Judo practice has many rules of etiquette, manners, and ethics. Above all, judo students learn important values of respect, respect for their instructors, or sensei; their partners, both senior and junior to them; the officials and referees of judo; the families and friends of judo classmates; and above all, themselves. Each dojo has its own code of conduct, spelling out the do's and don'ts of behavior. Judo students learn to be attentive, and develop a good work ethic that they can carry with them into others parts of their lives. Judo students learn modesty and fairplay. Values related to sincerity, courage, and commitment are fostered through the honest actions of attack and defense. Arrogance is not allowed, and judo students learn to persevere in a physically and mentally demanding training that fosters emotional control and diligence. Judo students greet one another with respect and courtesy, and afford their sensei with esteem and admiration. In short, judo students learn much of the social etiquette necessary to become solid citizens of the world.

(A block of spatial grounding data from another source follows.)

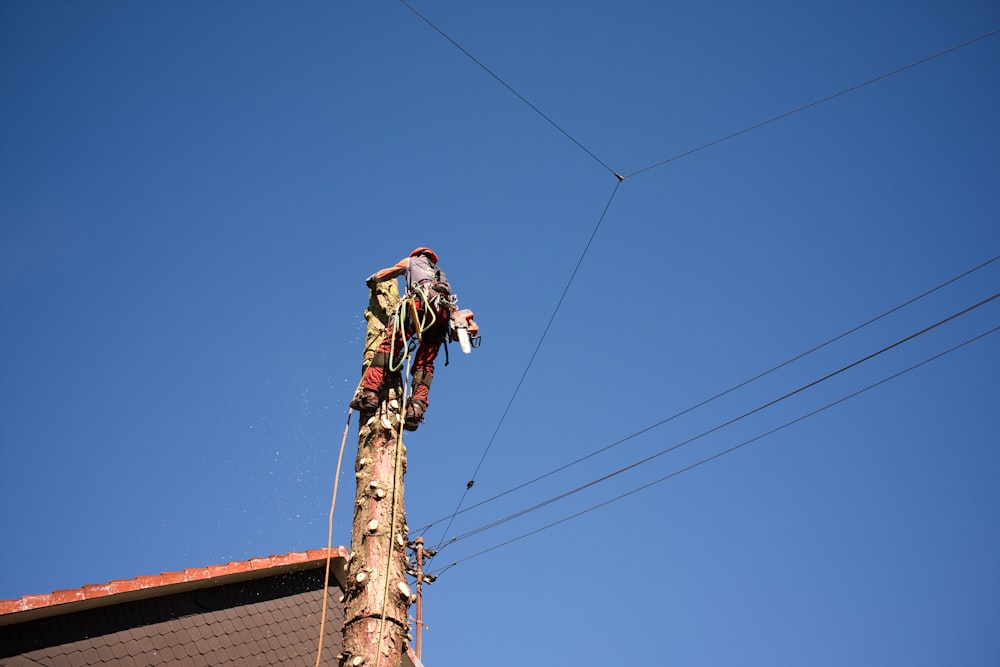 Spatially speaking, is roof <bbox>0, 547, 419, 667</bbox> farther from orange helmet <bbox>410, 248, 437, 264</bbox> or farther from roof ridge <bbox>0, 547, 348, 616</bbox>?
orange helmet <bbox>410, 248, 437, 264</bbox>

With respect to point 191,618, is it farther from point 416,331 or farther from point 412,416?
point 416,331

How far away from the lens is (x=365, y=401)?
4.93 meters

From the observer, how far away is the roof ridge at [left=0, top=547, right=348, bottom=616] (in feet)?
19.2

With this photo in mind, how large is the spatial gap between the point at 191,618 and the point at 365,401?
312 centimetres

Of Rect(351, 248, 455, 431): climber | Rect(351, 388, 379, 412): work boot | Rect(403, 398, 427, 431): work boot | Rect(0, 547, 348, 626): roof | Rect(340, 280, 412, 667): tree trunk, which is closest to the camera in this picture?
Rect(340, 280, 412, 667): tree trunk

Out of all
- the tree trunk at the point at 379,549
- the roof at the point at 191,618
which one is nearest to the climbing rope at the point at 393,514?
the tree trunk at the point at 379,549

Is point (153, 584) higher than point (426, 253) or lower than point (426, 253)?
lower

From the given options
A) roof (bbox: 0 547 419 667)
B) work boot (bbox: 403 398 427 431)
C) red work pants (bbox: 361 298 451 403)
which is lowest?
roof (bbox: 0 547 419 667)

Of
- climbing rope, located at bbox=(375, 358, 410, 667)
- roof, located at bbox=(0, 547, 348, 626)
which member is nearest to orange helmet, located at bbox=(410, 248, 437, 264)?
climbing rope, located at bbox=(375, 358, 410, 667)

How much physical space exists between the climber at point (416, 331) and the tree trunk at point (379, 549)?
0.39ft

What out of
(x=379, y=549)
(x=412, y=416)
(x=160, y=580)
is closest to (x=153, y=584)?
(x=160, y=580)

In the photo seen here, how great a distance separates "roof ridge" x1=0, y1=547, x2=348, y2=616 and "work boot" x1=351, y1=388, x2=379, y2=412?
1098mm

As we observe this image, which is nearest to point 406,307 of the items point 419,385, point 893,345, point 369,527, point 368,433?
point 419,385

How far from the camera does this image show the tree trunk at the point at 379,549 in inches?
157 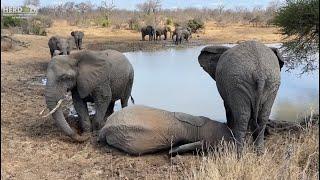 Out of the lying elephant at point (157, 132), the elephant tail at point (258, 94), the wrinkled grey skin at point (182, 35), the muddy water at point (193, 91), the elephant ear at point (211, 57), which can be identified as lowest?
the muddy water at point (193, 91)

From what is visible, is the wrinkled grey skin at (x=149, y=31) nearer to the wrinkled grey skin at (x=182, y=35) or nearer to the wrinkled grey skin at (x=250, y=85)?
the wrinkled grey skin at (x=182, y=35)

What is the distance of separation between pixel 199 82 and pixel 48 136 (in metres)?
7.25

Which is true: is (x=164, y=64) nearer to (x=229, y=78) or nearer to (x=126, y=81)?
(x=126, y=81)

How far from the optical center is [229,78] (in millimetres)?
6191

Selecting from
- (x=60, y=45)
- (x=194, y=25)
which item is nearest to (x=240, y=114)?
(x=60, y=45)

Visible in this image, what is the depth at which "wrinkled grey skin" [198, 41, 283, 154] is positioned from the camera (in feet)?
19.6

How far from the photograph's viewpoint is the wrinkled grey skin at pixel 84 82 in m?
7.22

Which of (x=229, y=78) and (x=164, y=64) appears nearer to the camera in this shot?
(x=229, y=78)

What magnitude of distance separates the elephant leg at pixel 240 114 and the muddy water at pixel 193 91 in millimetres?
2735

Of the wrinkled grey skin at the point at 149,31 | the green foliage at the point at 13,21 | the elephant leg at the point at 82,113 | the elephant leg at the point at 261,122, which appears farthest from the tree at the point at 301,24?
the green foliage at the point at 13,21

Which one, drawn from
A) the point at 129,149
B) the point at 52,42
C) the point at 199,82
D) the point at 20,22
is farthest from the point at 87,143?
the point at 20,22

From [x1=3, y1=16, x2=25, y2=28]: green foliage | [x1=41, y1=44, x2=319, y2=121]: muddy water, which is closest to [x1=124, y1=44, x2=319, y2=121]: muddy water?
[x1=41, y1=44, x2=319, y2=121]: muddy water

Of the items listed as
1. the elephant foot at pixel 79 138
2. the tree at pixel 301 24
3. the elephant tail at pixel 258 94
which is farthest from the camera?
the tree at pixel 301 24

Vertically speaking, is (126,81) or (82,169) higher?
(126,81) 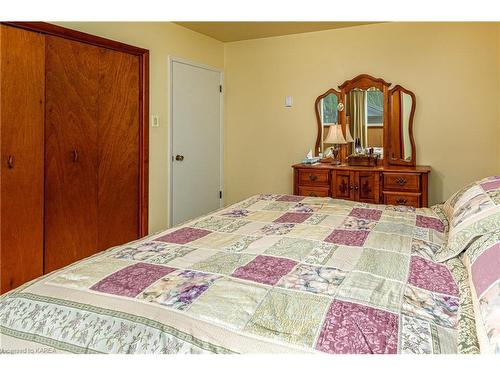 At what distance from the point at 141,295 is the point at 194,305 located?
6.3 inches

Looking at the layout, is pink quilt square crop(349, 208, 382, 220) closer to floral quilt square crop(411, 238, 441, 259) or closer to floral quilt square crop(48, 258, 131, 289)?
A: floral quilt square crop(411, 238, 441, 259)

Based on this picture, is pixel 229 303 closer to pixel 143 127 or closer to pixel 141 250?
pixel 141 250

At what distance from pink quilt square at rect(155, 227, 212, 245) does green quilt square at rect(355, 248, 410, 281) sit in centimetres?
69

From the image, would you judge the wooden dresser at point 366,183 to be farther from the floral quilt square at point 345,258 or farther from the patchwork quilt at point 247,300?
the floral quilt square at point 345,258

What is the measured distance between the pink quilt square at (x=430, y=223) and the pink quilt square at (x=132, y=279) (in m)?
1.26

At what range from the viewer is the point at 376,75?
3650mm

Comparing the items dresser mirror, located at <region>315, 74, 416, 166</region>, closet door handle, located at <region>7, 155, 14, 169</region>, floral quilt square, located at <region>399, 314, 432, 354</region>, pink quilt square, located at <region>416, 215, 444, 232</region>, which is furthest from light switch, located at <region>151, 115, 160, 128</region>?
floral quilt square, located at <region>399, 314, 432, 354</region>

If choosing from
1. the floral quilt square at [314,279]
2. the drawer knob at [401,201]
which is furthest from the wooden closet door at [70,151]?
the drawer knob at [401,201]

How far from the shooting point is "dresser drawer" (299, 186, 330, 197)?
3551 millimetres

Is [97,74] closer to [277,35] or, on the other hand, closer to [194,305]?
[277,35]

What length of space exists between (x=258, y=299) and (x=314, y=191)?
106 inches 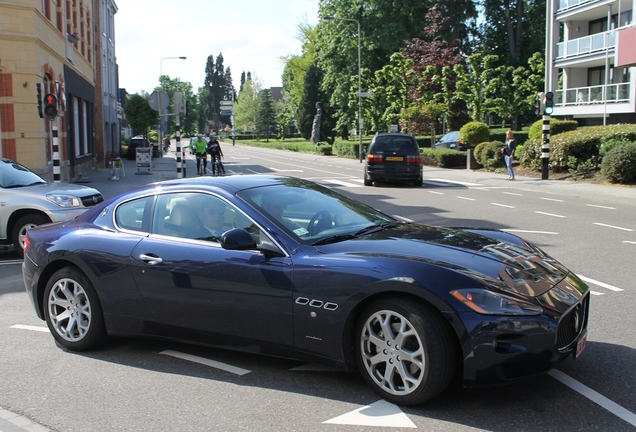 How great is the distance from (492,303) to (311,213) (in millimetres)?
1691

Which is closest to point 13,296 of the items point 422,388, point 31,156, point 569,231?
point 422,388

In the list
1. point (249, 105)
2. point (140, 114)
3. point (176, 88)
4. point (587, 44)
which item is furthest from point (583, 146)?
point (176, 88)

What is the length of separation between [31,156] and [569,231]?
1534cm

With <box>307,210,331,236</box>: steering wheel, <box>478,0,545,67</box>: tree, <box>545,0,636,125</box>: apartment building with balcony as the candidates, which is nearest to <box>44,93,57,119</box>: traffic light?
<box>307,210,331,236</box>: steering wheel

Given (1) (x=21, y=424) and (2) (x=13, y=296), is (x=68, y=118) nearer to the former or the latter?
(2) (x=13, y=296)

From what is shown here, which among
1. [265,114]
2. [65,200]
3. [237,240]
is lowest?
[65,200]

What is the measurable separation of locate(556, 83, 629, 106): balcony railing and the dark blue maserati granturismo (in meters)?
32.9

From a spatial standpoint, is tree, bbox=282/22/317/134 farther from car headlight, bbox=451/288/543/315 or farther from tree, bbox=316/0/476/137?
car headlight, bbox=451/288/543/315

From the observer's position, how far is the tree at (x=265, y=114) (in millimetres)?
104125

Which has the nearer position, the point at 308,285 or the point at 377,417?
the point at 377,417

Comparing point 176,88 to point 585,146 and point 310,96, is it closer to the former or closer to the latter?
point 310,96

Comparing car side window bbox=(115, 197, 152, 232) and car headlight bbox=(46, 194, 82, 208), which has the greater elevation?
car side window bbox=(115, 197, 152, 232)

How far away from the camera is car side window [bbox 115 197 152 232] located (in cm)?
538

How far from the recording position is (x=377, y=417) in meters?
4.02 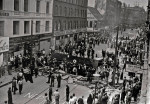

Of the many rituals that are a part of judo, perhaps none is clearer and poignant than the bow. In judo, bowing is a signal of respect. Judo students bow when entering and leaving the dojo. They bow to the teacher at the beginning and end of practice, to give thanks and appreciation to the sensei for their teaching. The entire class, including the teachers, often bow at the beginning and end of each class to the head area of the dojo containing all the objects of respect. Before practicing with each other, students bow to show respect to each other, and they bow once again at the end to give thanks for the workout. In formal judo matches, contestants bow at the beginning and end of the match, to signify respect and courtesy for each other as opponents, and to the institution and rules of judo, which fosters fairplay and sportspersonship.
Bowing is also a posture of humility, gratitude, and appreciation. Through their judo training, students literally bow hundreds of times a week. Over the years, bowing will become an integral part of your attitude and perspective on life, and others. It is in this fashion that judo moulds its students to be admirable citizens, both on and off the mat.